Today, based on the model created by best-selling author and trauma expert Pia Mellody (Facing Co-dependence ©2003), I share with you, Gifts from a Challenging Childhood: Creating a Practice for Becoming Your Healthiest Self. In these pages, you will: 

• Learn and adopt 5 Core Practices for healthy living
• Cultivate a framework for your functional adult Self
• Gain clarity about your family-of-origin history
• Reparent your historically hurt places
• Speak your truth, and learn to have your own back
• Gather and use resources to help you heal from childhood trauma 


”In Gifts from a Challenging Childhood, author Jan Bergstrom describes with empathy and clarity the exact emotional, intellectual and neurological ways that children’s brains respond to trauma, and how the impact of that experience endures in the child’s life throughout adulthood.  Bergstrom explains how our basic needs as children for love, protection, validation and expression must be met by our parents; and how, when these needs are not met in childhood, we can end up with one-up or one-down self-esteem and over-protective or under-protective boundaries as adults.  In-depth descriptions of supportive, therapeutic techniques abound in this book, from mindfulness to grounding to writing a letter to yourself.  Whether you experienced traumatic neglect or excessive control and enmeshment at the hands of your parents, this book will not only help you identify what went wrong for you, it will also provide you with validating, supportive and compassionate ways to reparent yourself.”

Jonice Webb, PhD
Bestselling author of Running On Empty: Overcome Your Childhood Emotional Neglect and Running On Empty No More: Transform Your Relationships.

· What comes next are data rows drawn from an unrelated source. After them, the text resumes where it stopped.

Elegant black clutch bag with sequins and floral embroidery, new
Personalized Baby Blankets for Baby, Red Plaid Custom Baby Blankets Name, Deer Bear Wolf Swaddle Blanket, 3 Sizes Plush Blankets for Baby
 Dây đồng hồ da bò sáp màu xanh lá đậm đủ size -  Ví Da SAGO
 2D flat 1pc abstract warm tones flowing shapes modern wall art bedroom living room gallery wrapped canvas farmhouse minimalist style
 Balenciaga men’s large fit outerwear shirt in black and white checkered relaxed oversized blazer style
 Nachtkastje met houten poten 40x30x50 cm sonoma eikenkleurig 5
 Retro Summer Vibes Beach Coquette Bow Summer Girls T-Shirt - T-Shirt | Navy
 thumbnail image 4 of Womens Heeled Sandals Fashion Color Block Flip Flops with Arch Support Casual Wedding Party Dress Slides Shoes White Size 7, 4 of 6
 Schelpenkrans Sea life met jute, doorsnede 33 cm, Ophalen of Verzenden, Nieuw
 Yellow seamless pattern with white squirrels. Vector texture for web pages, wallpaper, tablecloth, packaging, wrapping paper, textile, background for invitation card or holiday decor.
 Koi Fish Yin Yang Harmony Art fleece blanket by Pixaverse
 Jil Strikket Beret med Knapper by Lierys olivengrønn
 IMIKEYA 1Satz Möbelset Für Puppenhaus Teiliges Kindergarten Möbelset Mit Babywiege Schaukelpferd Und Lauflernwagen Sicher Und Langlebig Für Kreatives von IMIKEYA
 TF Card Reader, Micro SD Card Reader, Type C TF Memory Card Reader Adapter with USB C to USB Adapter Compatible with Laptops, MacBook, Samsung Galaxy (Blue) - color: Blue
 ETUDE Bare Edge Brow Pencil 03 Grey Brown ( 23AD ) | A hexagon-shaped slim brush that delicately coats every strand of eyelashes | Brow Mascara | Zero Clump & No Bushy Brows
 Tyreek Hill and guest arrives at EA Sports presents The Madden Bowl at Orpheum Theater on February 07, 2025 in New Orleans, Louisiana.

“Jan's book is a precious guide to untangling the complications and difficulties many of us have in our adult lives, arising from traumatic childhoods.  Read it, underline it, take it with you on your personal journey.  This book will bring you home.” 

Nick Morgan.
President of Public Words, Inc, a communications consulting company, and author of Can You Hear Me? How to Communicate with People in a Virtual World.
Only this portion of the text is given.